«Грант» вызывает Москву — страница 2 из 72

Шрагин слушал его пораженный, но продолжал думать о том, что именно такое знакомство и может ему пригодиться.

— Ты у нас блаженненький, тебе всюду рай, — сказала до того молчавшая жена Снежко, крупная красивая женщина, она поглаживала лежавшую у нее на коленях головку уснувшего сына.

— А тебе везде один ад мерещится, — с запалом сказала ей бабуся. — Поехали к Андрею — там тебе лихо. Теперь домой едем — и все равно ты Павла пилишь. Сам бог не ведает, где тебе хорошо.

— Не будем, мамо, на людях считаться, — тихо произнесла жена Снежко и с тяжелым вздохом добавила: — За детей мне страшно, вот что.

— А мне, думаешь, не страшно? — живо возразила бабуся, но жена Снежко промолчала, и разговор надолго прервался.

Потом Павел Ильич спросил Шрагина:

— Вы по какой специальности будете?

— Инженер по механике. После института два года работал в Ленинграде, на Балтийском. И вот получилось, что перевели к вам. С начальством я не ладил, а оно, как известно, таких не любит.

Снежко сочувственно засмеялся:

— Начальство все может. У нас мастер был, Савельев. Руки — золото, а нрав неспокойный. Чуть что, в газету строчит или на собрании речь держит. Сам директор завода по его милости выговор схлопотал. И тогда начальство расставило ему хитрую ловушку. Все недовольны были нашим отделом кадров: брал он на работу кого попало. Про это и в газете написали. Тогда начальники наши взяли и поставили на кадры Савельева — дескать, кто же лучше его, старого партийца, все, как надо, соблюдет с кадрами? Савельеву и деться. некуда. Сел он на кадры, и теперь все шишки на него валятся, а ему и рта раскрыть нельзя. Хитро!..

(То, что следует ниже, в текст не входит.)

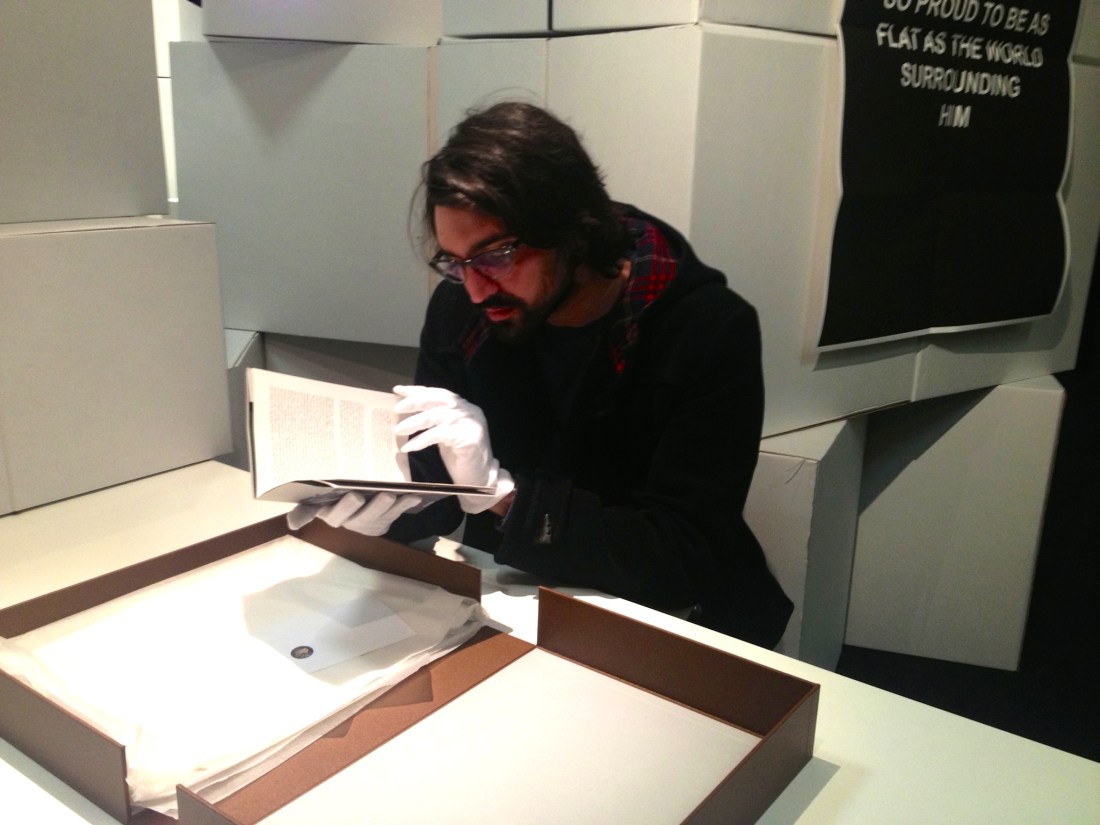 Reading at Micromegas Vagabond Flux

Между тем пароход плыл уже в непроглядной летней ночи. Ничего вокруг не видно, только вверху звезды переливаются — ни дать ни взять плывет пароход прямо по этому звездному морю.

Бабуся и жена Снежко уже спали, привалившись к своим узлам. Возле них пристроились ребята. Стал устраиваться и Снежко и вскоре захрапел с легким посвистом.

На рассвете Шрагин поднялся на капитанский мостик.

— Как спали? — спросил его капитан.

— Нормально, — ответил Шрагин, глядя на тихий Днепр в нежном рассвете, на его берега, где косматые ивы полоскали в воде свои длинные ветви. — Красиво! — тихо произнес он.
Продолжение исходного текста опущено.